Peut-être qu’un peu plus de rigueur, de sincérité et un peu moins d’arrogance, à condition de revoir ses fondamentaux, permettront au nouveau Macron d’imaginer un nouveau type de relations avec ce « nouveau » dragon d’Afrique du Nord. Car il ne faut pas se leurrer, le froid qui prévaut entre l’exécutif français date bien du retour du Maroc au sein de l’Union africaine en 2017, avec l’appui croissant des États africains à la reconnaissance de la marocanité du Sahara – dont une vingtaine de pays ont déjà ouvert un consulat dans les provinces du sud –, alors que la France continue de pratiquer la politique du « ni-ni » vis-à-vis de ce sujet, essentiel et stratégique pour le palais comme pour le Marocain lambda.

Bien sûr, comme disent les Marocains, « une seule main ne peut pas applaudir », les historiens de demain se demanderont par quel aveuglement ce tournant décisif dans la politique marocaine envers l’Afrique aura été pratiquement absent aussi bien des dernières campagnes électorales que des agendas actuels des hommes politiques. Or, la guerre en Ukraine vient de le démontrer, rien n’est plus important que ce sujet qui remet sur la table la question stratégique de l’indépendance énergétique, quand ce n’est pas l’indépendance tout court.

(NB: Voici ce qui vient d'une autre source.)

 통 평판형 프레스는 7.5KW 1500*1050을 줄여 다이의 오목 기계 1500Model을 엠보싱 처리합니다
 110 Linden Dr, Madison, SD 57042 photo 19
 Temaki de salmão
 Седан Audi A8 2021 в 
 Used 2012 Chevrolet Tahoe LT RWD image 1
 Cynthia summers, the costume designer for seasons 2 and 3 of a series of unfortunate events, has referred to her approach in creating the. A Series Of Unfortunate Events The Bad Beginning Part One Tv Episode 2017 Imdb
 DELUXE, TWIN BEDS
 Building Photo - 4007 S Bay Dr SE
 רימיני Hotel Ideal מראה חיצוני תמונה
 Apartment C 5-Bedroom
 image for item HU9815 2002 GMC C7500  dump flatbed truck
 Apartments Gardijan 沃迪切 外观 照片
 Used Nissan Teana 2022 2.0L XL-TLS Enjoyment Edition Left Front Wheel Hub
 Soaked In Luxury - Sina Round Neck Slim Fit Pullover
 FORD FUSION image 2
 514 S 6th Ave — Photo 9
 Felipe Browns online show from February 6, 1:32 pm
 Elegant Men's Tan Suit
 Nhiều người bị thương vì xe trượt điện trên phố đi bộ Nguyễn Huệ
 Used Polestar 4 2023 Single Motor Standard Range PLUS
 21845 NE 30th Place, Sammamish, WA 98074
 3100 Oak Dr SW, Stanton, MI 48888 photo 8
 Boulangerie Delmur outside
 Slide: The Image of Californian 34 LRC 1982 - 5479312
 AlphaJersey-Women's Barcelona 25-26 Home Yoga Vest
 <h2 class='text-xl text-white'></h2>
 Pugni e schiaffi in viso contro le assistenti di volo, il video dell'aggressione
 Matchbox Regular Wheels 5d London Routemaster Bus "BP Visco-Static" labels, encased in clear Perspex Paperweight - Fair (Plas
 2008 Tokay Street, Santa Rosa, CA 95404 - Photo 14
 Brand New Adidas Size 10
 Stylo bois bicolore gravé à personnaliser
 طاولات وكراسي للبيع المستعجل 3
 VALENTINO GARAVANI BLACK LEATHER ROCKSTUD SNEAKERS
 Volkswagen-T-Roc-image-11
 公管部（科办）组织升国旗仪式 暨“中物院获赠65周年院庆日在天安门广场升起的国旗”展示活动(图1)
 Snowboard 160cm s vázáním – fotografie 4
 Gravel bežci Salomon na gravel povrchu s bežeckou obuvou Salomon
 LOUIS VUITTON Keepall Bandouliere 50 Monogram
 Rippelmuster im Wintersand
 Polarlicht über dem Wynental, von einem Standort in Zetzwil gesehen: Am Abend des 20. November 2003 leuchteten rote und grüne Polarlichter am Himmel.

Pourtant à l’ardente nécessité de redresser l’économie du royaume pour lui donner les moyens de mener ce combat, tout en protégeant les Marocains et l’obligation de trouver en Afrique la plus large alliance possible pour avancer ensemble en profitant de la manne des ressources en abondance, s’ajoute la conviction que désormais au Maroc, l’amour du roi et celui du royaume se confondent. Tout cela sans céder à la tentation de trier entre les bons et les « mauvais » Marocains. Dans un monde qui bouillonne, la perte de temps ne pardonne plus.